> _Entries provided_
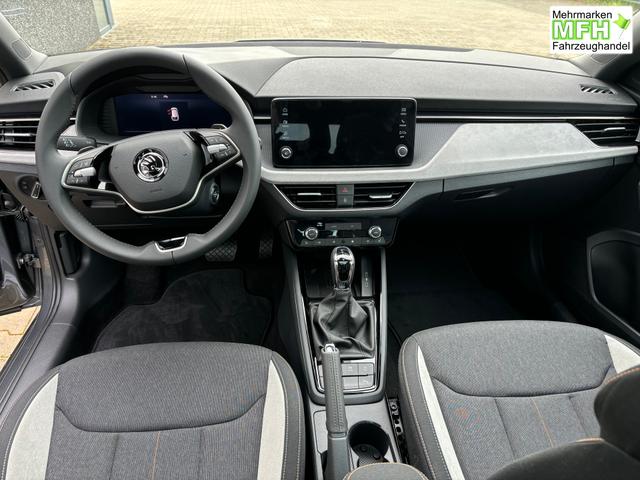 Skoda Scala Extra Plus 1.5 TSI 150PS, 5 Jahre Garantie, 16" Alu, Kessy, Alarm, Parksensoren vo/hi, Kamera, Sitzheizung, Climatronic, Tempomat, SunSet, Radio 8" + Smartlink, M-Lederlenkrad beheizt, Verlängerte Heckscheibe, LED-Scheinwerfer, NSW 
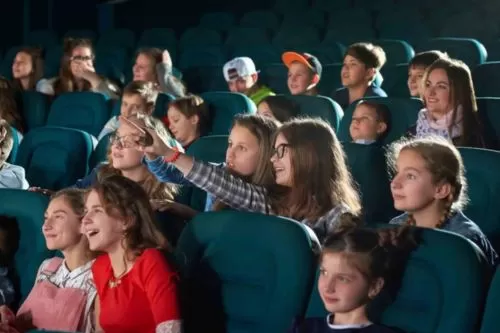 Crianças atendidas pelo CRAS de Cordisburgo vivem manhã de lazer e inclusão em passeio ao cinema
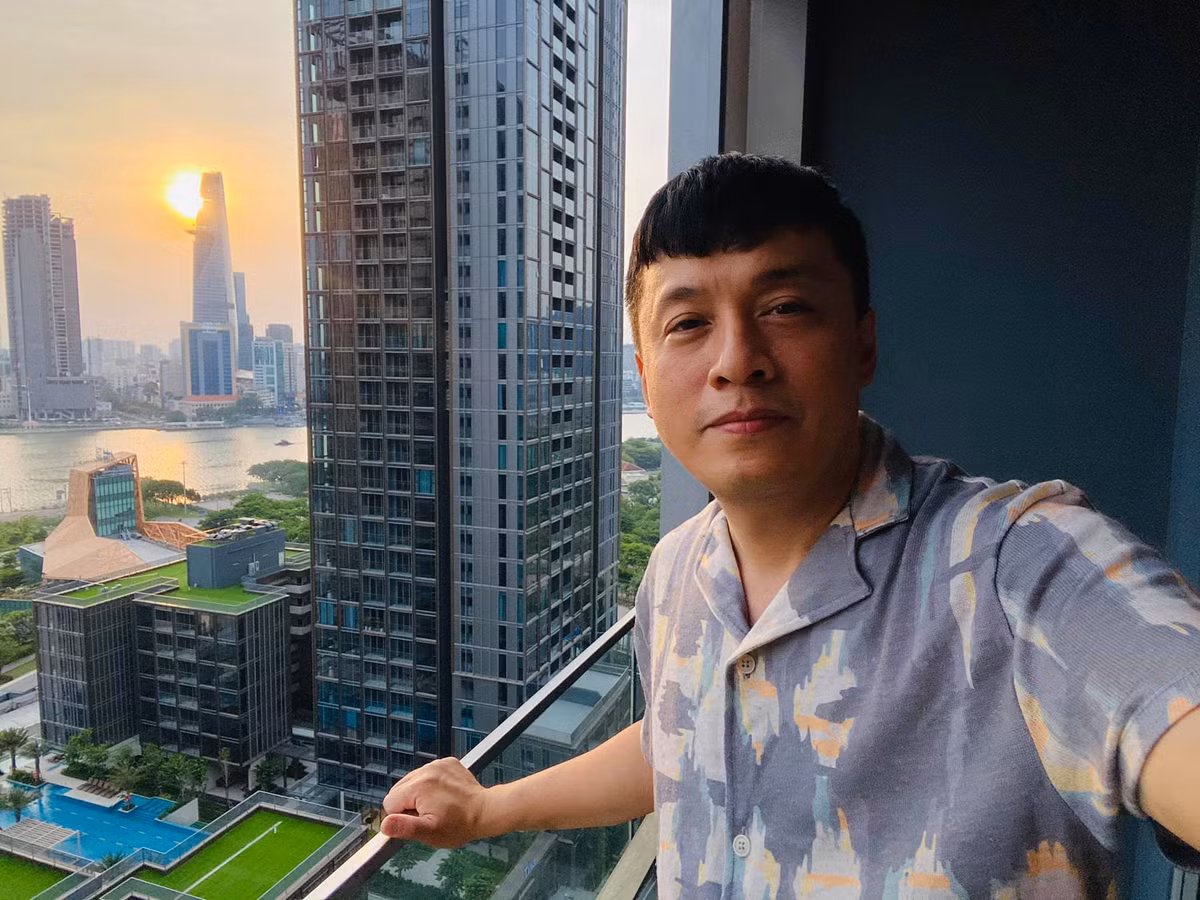 Lam Trường "trong lòng trống rỗng" khi ngắm hoàng hôn từ căn hộ thuộc khu chung cư siêu sang tại TP.HCM.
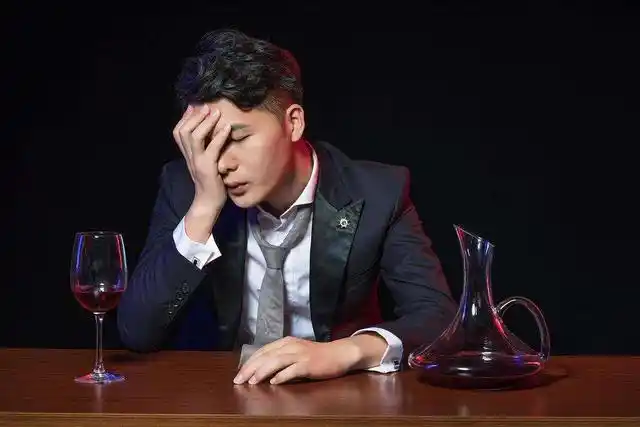 中年男性一定要戒酒?建议:过了50岁之后,喝酒牢记4点对身体好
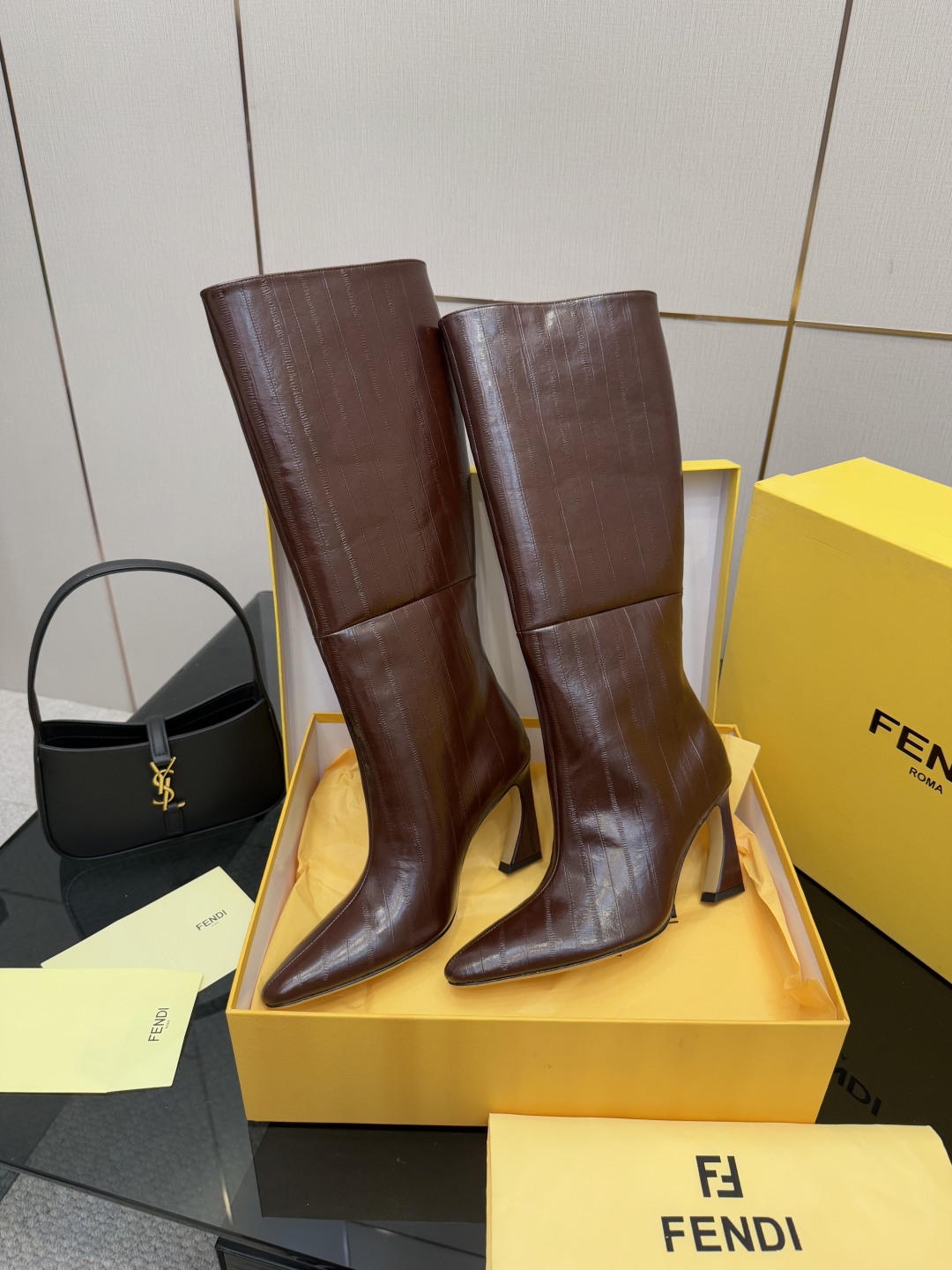 20251022/Fendi_251022-3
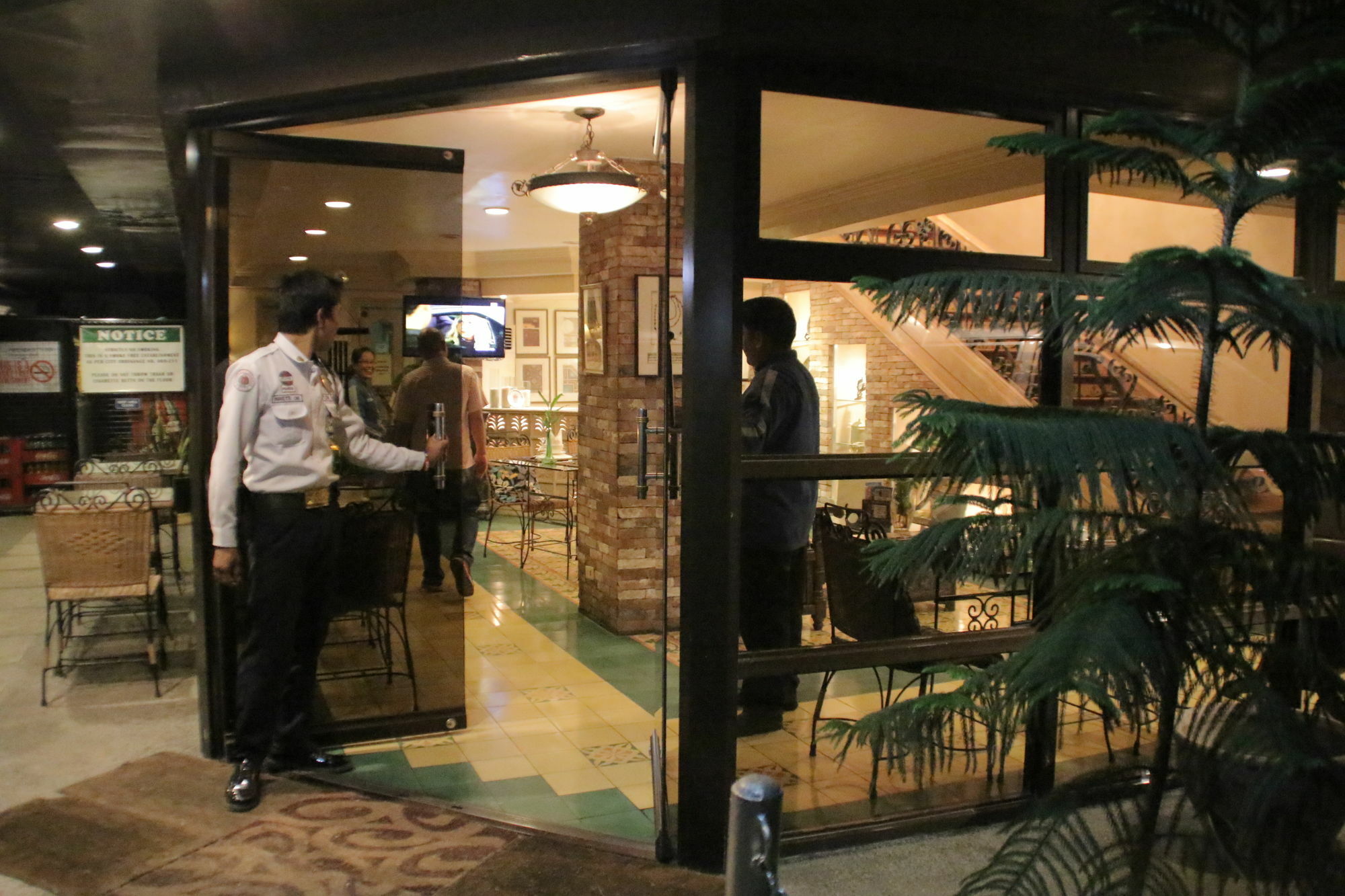 Roxas President'S Inn Dış mekan fotoğraf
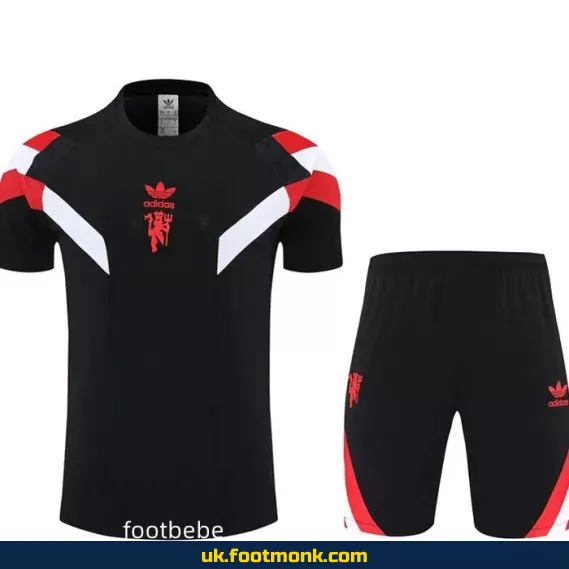 Manchester United 2025 2026 retro black kit.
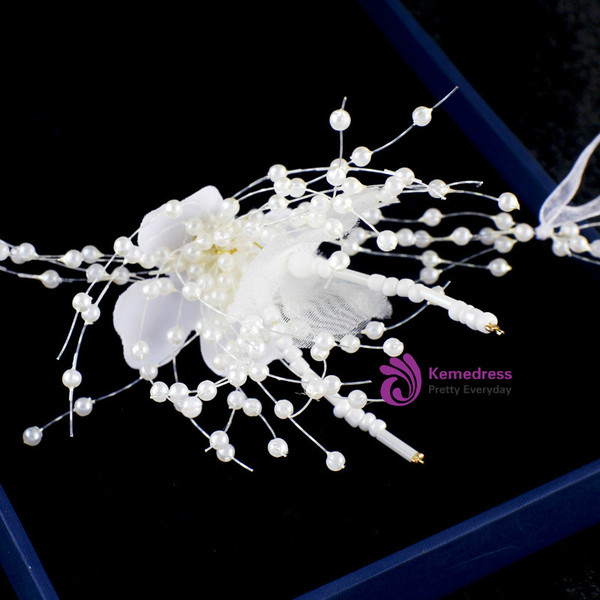 The bride wedding flower hair accessories simple sweet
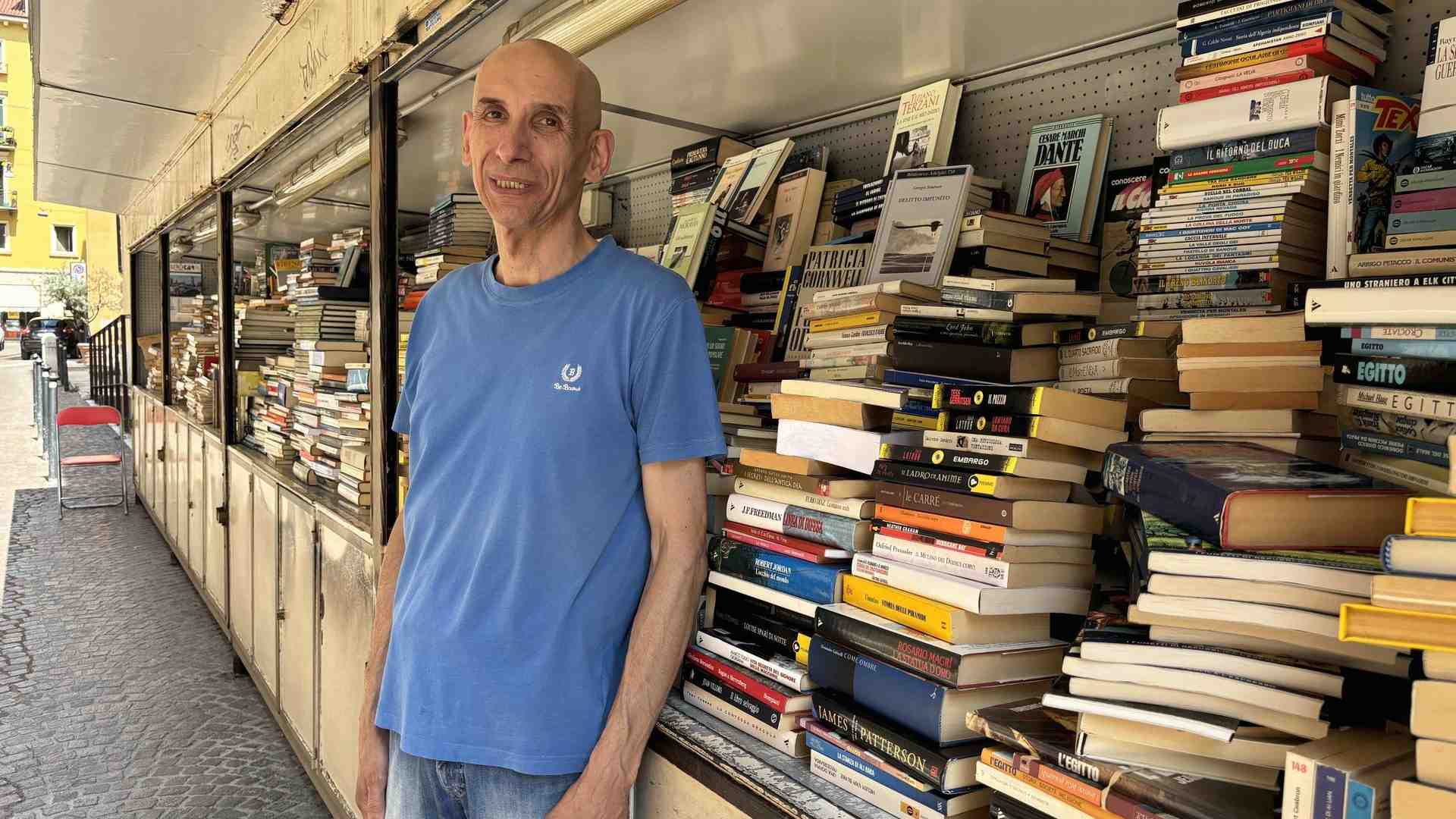 Immagine di La bancarella di libri che dal 1947 resiste nel cuore della città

> _Assignment_
Return the opening line of the data above and every line after it up to and including the line that holds "Crianças atendidas pelo"; pictures stay out.

> _Your response_
 Skoda Scala Extra Plus 1.5 TSI 150PS, 5 Jahre Garantie, 16" Alu, Kessy, Alarm, Parksensoren vo/hi, Kamera, Sitzheizung, Climatronic, Tempomat, SunSet, Radio 8" + Smartlink, M-Lederlenkrad beheizt, Verlängerte Heckscheibe, LED-Scheinwerfer, NSW 
 Crianças atendidas pelo CRAS de Cordisburgo vivem manhã de lazer e inclusão em passeio ao cinema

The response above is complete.